=== Try it ===
Starting at the top of the entries below, print each line exactly until the line with "1953 South Dakota" has been printed too.

=== Task inputs ===
○ ○ ○
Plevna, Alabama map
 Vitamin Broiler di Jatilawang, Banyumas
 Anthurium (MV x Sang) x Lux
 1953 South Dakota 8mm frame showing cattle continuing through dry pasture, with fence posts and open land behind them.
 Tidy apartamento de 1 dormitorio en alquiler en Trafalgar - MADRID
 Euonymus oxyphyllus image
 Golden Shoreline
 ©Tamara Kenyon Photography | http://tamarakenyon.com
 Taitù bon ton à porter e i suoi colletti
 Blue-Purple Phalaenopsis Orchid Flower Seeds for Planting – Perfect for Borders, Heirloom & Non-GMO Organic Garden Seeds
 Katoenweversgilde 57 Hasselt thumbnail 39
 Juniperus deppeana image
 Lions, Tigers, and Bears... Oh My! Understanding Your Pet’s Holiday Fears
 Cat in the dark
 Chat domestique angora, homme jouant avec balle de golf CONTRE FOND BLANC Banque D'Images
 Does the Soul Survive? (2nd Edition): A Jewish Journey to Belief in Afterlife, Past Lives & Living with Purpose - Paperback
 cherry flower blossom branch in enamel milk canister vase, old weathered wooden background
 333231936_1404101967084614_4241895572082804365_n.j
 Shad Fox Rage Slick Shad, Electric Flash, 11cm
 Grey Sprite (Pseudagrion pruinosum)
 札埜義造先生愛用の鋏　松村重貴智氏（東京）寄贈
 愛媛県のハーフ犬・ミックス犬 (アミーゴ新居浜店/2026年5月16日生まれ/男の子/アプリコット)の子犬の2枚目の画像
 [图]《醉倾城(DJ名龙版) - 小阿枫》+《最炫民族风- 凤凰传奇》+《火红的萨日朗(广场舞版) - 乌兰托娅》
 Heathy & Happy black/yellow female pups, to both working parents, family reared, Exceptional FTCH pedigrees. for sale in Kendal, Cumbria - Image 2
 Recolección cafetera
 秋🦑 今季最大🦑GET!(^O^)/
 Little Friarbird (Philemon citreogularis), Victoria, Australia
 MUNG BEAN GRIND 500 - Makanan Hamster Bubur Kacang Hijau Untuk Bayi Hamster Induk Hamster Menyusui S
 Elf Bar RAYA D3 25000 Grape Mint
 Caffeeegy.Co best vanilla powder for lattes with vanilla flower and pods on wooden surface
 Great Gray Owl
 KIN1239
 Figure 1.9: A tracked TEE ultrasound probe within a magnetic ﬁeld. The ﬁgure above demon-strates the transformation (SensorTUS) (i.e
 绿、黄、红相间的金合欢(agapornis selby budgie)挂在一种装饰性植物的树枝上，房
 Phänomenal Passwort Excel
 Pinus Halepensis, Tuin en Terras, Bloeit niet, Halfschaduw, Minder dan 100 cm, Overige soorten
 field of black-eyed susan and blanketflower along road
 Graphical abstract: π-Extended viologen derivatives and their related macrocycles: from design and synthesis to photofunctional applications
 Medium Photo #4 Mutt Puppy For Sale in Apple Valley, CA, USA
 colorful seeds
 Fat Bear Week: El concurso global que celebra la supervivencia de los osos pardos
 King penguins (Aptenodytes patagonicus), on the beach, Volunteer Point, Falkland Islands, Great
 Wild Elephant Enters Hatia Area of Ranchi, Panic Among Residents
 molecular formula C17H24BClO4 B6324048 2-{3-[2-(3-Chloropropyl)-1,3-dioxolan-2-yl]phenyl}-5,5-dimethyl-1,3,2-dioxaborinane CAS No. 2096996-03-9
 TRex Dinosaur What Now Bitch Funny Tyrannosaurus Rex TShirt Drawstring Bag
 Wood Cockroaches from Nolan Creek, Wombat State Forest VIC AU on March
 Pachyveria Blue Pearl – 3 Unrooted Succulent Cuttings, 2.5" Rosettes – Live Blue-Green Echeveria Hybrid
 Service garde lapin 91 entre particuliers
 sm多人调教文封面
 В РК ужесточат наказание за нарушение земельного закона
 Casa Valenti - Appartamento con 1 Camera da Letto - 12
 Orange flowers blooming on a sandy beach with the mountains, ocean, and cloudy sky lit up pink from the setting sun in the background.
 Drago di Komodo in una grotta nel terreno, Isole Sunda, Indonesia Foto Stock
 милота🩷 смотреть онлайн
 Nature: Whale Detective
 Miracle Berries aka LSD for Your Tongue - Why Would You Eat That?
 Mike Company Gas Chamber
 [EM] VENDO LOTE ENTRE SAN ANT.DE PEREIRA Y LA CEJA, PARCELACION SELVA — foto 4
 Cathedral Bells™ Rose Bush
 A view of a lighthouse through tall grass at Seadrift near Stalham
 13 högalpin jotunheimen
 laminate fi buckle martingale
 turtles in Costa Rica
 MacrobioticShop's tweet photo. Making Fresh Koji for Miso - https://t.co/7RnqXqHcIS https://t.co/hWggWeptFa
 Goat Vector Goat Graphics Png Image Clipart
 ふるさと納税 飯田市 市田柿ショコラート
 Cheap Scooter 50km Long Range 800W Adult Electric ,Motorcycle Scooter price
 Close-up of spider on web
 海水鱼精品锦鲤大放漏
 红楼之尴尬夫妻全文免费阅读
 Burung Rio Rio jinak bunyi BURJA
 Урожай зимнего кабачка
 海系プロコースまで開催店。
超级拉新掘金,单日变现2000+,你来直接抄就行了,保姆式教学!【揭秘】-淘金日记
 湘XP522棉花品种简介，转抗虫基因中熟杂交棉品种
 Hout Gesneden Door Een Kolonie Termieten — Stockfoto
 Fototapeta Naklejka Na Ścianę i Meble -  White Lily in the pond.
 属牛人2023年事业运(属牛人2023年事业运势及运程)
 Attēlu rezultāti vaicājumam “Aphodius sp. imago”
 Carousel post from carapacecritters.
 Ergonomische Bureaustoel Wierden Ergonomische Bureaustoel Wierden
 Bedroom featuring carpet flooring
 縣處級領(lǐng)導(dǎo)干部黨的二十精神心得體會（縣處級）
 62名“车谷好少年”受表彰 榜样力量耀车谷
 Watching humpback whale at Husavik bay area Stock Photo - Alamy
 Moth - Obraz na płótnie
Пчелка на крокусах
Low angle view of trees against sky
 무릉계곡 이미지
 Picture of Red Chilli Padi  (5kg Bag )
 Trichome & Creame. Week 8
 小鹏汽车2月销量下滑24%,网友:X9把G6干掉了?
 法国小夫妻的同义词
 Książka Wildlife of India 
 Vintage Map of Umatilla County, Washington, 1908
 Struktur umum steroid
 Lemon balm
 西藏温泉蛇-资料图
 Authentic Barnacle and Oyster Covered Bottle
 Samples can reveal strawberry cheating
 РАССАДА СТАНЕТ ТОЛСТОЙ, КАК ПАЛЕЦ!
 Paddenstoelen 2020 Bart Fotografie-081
○ ○ ○
=== Answer ===
Plevna, Alabama map
 Vitamin Broiler di Jatilawang, Banyumas
 Anthurium (MV x Sang) x Lux
 1953 South Dakota 8mm frame showing cattle continuing through dry pasture, with fence posts and open land behind them.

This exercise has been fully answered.